[The data Boundary: Start]
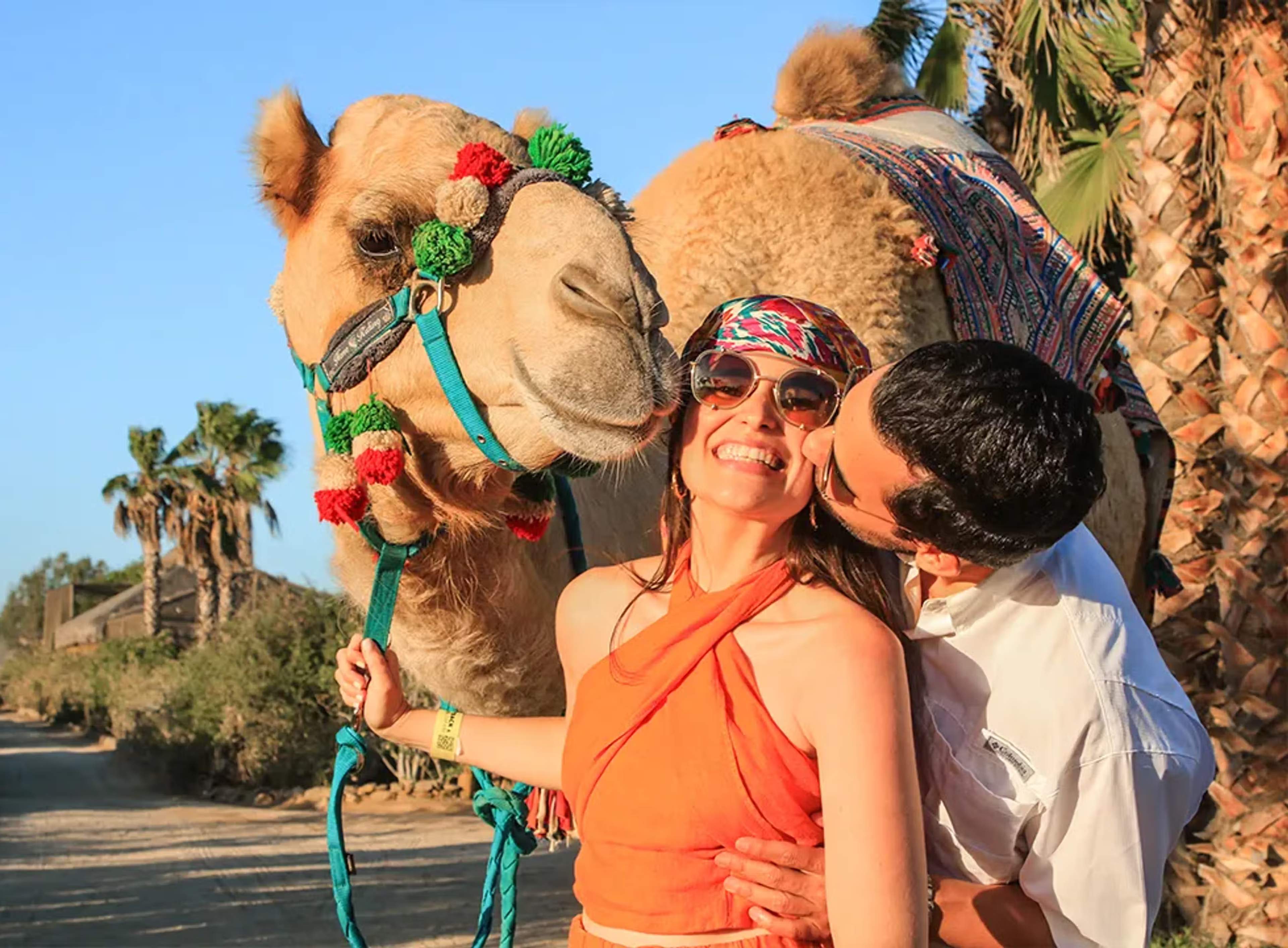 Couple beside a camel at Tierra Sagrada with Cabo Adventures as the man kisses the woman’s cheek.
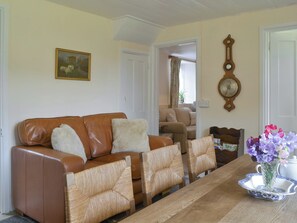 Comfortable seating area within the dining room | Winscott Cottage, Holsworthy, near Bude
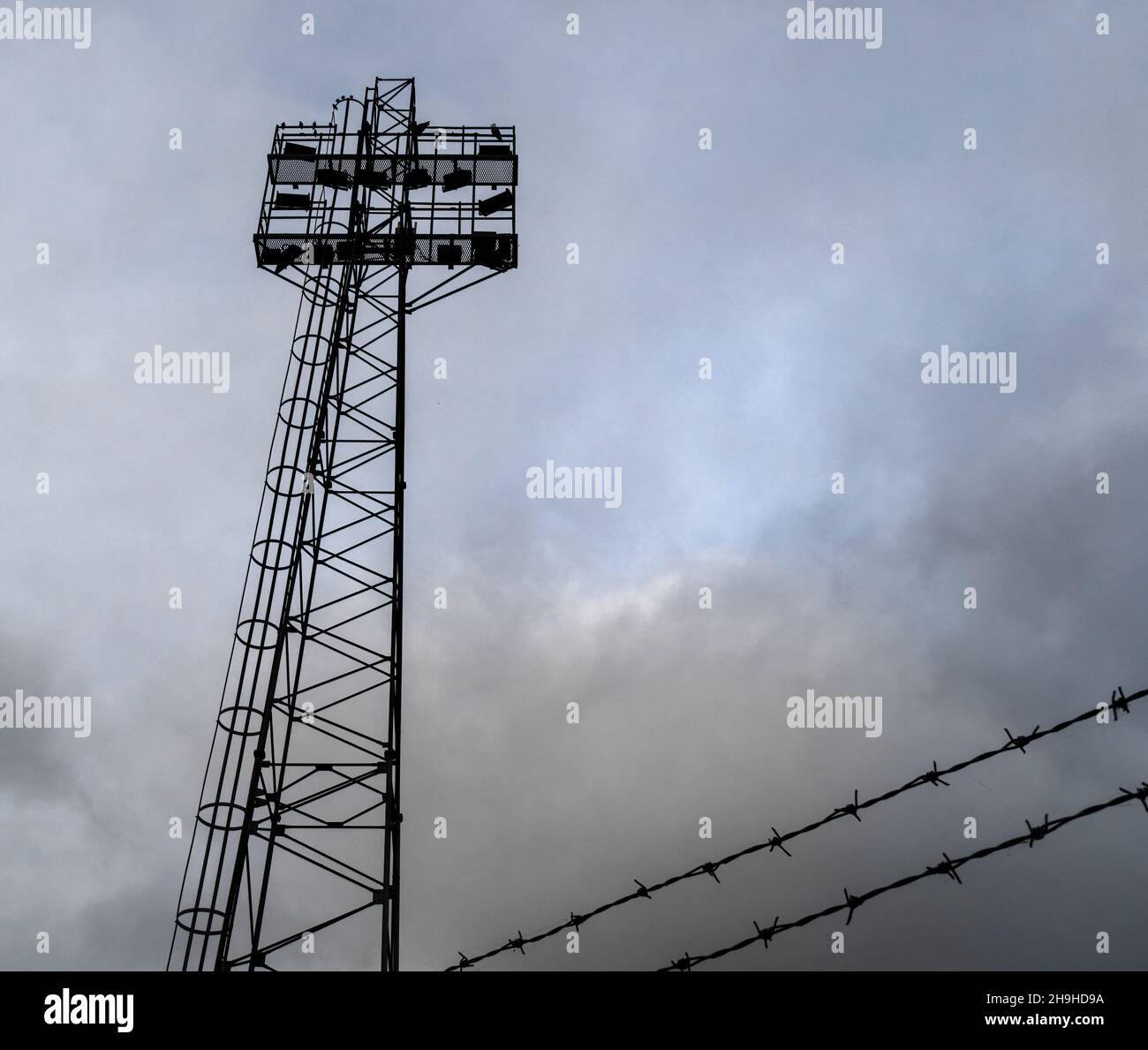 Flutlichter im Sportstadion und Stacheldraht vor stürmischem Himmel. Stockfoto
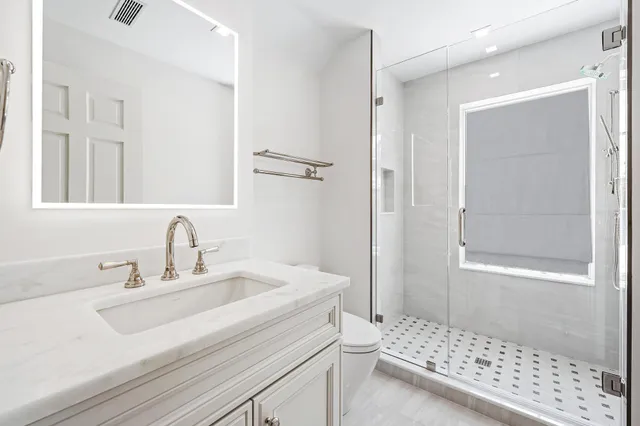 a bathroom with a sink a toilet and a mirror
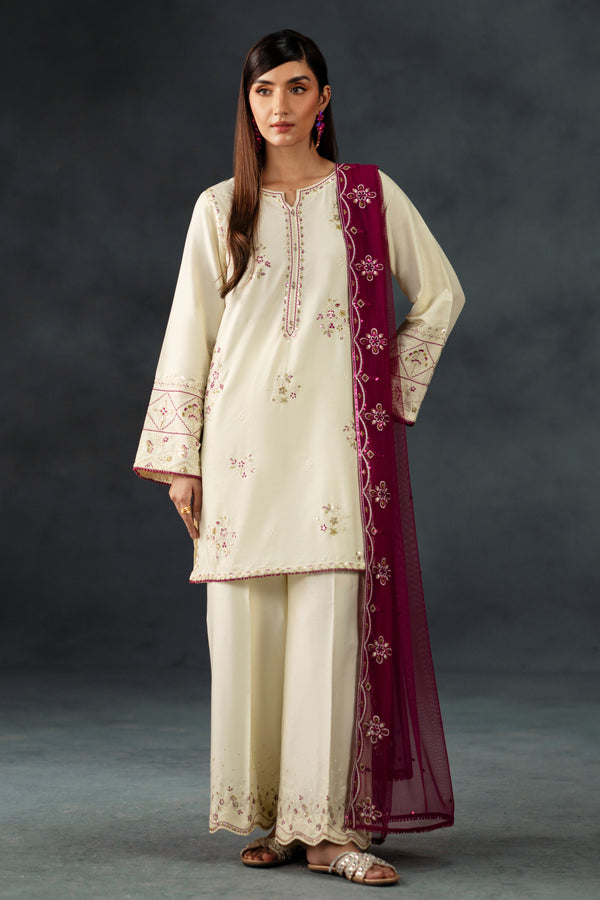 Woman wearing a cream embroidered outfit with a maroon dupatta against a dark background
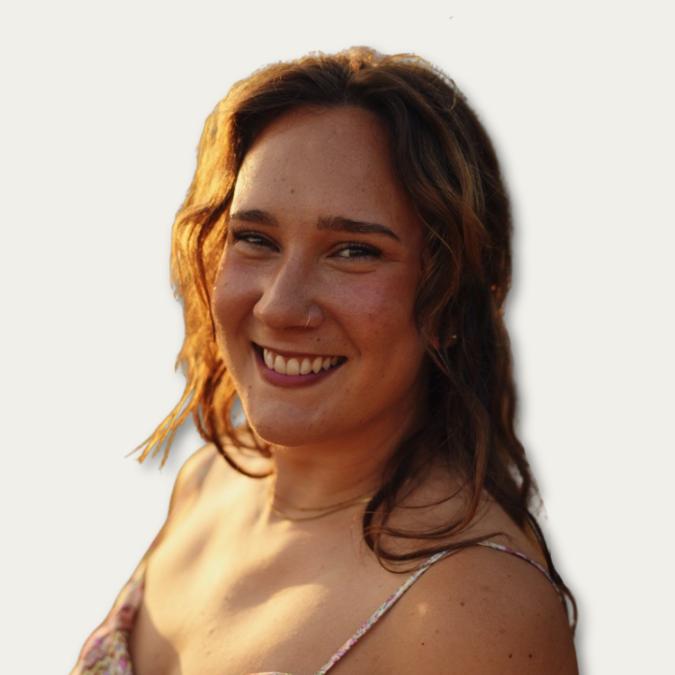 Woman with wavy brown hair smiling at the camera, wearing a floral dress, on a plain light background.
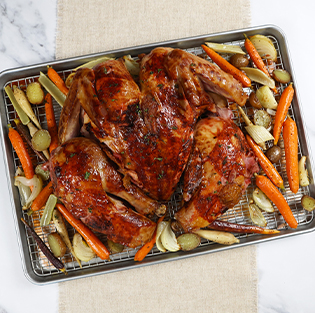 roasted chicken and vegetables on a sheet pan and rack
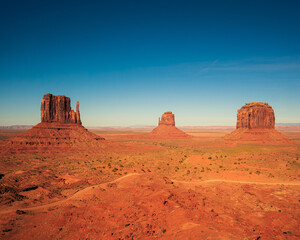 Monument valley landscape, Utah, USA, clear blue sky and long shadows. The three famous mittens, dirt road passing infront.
[The data Boundary: End]
_Your goal_
Please set down, exactly and with nothing added, the lines from the line with "roasted chicken and" to the end of the entries above, omitting pictures.

_Answer to this task_
 roasted chicken and vegetables on a sheet pan and rack
 Monument valley landscape, Utah, USA, clear blue sky and long shadows. The three famous mittens, dirt road passing infront.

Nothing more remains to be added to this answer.